SA funds walkathon, plans mock standards hearing

The Student Assembly announced Tuesday night that it will host a mock Committee on Standards hearing next Monday at the Kappa Kappa Kappa fraternity to educate students on the group's procedures should they ever be tried for standards violations.

Members also passed a resolution to fund a hurricane walkathon and a proposal to fund the Assembly's Profiles in Excellence Teaching Awards. ROTC member Jason Hartwig '06 spoke to the organization to raise awareness about the ROTC's floundering program on campus.

COS hears cases that involve undergraduates violating the academic honor principle, standards of conduct and academic standards and requirements, as well as cases that involve the appeals of certain registrarial actions. Normally, COS hearings are closed to students. The mock hearing is designed to bring awareness to typical COS procedures in order to reduce student tension surrounding the hearings, organizers said.

Karan Danthi '07, who worked with Undergraduate Judicial Affairs Director April Thompson to set up the hearing, said it should alleviate students' anxiety in case they are called before COS.

"It is nice to get a sense of how the discussions go. This is an eye-opening experience because people who go before the committee usually don't know what to expect. They are freaking out, and they get flustered," Danthi said.

Sixty cases appear before the committee for suspension each year, 20 of which are honor-code-related. The hearing on Monday will be about an honor code violation, with Student Body President Noah Riner '06 playing the accused student and real administrators and deans presiding.

"It's a big deal that the administrators have agreed to do this," Danthi said. "It's crucial that a lot of students come. Even if your case doesn't reach COS, at least you know how to defend yourself."

Members also passed a resolution to fund a hurricane walkathon, which Elisa Donnelly '07 sponsored along with Raymond Rodriguez '09. The resolution allocated $500 for T-shirts and publicity for the Oct. 29 event.

The Assembly plans to orchestrate and actively publicize the campus-wide walkathon, which will charge participants $10 in coordination with KatrinaHelp.
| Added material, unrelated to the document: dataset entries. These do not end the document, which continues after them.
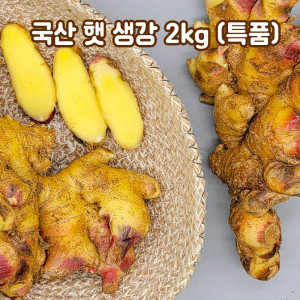 [km]국산 햇 생강 2kg(특품)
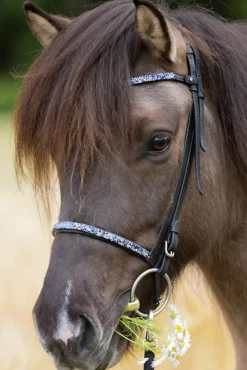 Kavalkade Blar Combined Noseband For Kjartan Icelandic Bridle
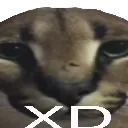 ecksdee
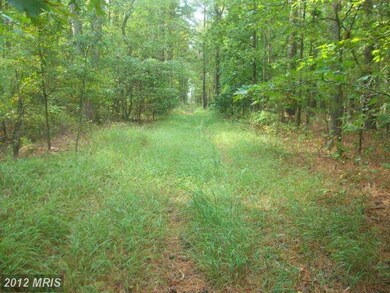 2213 Andrews Rd, Crapo, MD 21626 - photo 6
Dean Drizin '06, Leslie Shribman '08 and Elizabeth Silvey '08 sponsored a proposal to fund the Profiles in Excellence teaching awards. The annual program, now in its fifth year, will solicit nominations from students and conduct a review of those submissions within the Assembly's academic affairs committee before recognizing a different faculty member each term.

Selected professors are expected to facilitate a dinner discussion on the current state and future of undergraduate teaching at the College. The Assembly plans to give $400 per term to finance plaques and the group dinner.

Jason Hartwig '06, one of five members of Dartmouth's Reserve Officers' Training Corps, spoke before the Assembly in an attempt to raise Assembly support for larger ROTC scholarships.

According to Hartwig, Dartmouth is one of the only three Ivy League schools, including Columbia and Brown, that do not give ROTC participants full scholarships. Currently, Dartmouth awards $7,000 per person, which Hartwig said is not a big incentive.

"The program could very well end when myself and the three other '06s graduate," he said.

Hartwig stressed that as elite schools like Dartmouth lose interest in the ROTC, a trend of more "close-minded, less educated" people becoming officers in the army is emerging.

There is even a stigma on campus attached to participation in the ROTC, Hartwig said.

"People should realize we are not a bunch of militarists waiting to go spill blood in Iraq," he said. "We just feel a sense of duty."